> WORK INSTRUCTION: Having read the data, transcribe all of it without deviation.

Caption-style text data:
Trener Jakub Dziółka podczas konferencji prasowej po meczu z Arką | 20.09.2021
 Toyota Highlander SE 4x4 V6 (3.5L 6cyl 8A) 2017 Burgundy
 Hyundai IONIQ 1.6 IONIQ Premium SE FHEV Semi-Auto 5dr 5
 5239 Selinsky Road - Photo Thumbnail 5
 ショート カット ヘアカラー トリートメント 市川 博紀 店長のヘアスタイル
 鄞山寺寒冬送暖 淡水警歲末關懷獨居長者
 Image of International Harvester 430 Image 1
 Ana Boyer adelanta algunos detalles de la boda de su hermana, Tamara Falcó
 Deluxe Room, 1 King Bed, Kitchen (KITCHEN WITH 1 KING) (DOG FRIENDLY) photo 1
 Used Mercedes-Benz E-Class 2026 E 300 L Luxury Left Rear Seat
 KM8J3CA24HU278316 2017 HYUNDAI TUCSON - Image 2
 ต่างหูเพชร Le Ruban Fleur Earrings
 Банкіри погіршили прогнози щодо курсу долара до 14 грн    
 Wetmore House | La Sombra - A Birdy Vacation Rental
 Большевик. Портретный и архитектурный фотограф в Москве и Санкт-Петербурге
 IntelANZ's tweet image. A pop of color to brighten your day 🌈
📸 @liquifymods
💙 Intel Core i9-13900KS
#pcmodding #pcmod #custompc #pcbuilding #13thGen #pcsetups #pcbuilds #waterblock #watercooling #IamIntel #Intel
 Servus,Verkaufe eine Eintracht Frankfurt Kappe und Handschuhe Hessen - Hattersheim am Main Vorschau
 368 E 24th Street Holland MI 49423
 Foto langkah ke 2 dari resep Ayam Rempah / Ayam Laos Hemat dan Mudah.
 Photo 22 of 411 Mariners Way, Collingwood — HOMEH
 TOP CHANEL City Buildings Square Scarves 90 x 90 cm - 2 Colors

> TASK RESULT:
Trener Jakub Dziółka podczas konferencji prasowej po meczu z Arką | 20.09.2021
 Toyota Highlander SE 4x4 V6 (3.5L 6cyl 8A) 2017 Burgundy
 Hyundai IONIQ 1.6 IONIQ Premium SE FHEV Semi-Auto 5dr 5
 5239 Selinsky Road - Photo Thumbnail 5
 ショート カット ヘアカラー トリートメント 市川 博紀 店長のヘアスタイル
 鄞山寺寒冬送暖 淡水警歲末關懷獨居長者
 Image of International Harvester 430 Image 1
 Ana Boyer adelanta algunos detalles de la boda de su hermana, Tamara Falcó
 Deluxe Room, 1 King Bed, Kitchen (KITCHEN WITH 1 KING) (DOG FRIENDLY) photo 1
 Used Mercedes-Benz E-Class 2026 E 300 L Luxury Left Rear Seat
 KM8J3CA24HU278316 2017 HYUNDAI TUCSON - Image 2
 ต่างหูเพชร Le Ruban Fleur Earrings
 Банкіри погіршили прогнози щодо курсу долара до 14 грн    
 Wetmore House | La Sombra - A Birdy Vacation Rental
 Большевик. Портретный и архитектурный фотограф в Москве и Санкт-Петербурге
 IntelANZ's tweet image. A pop of color to brighten your day 🌈
📸 @liquifymods
💙 Intel Core i9-13900KS
#pcmodding #pcmod #custompc #pcbuilding #13thGen #pcsetups #pcbuilds #waterblock #watercooling #IamIntel #Intel
 Servus,Verkaufe eine Eintracht Frankfurt Kappe und Handschuhe Hessen - Hattersheim am Main Vorschau
 368 E 24th Street Holland MI 49423
 Foto langkah ke 2 dari resep Ayam Rempah / Ayam Laos Hemat dan Mudah.
 Photo 22 of 411 Mariners Way, Collingwood — HOMEH
 TOP CHANEL City Buildings Square Scarves 90 x 90 cm - 2 Colors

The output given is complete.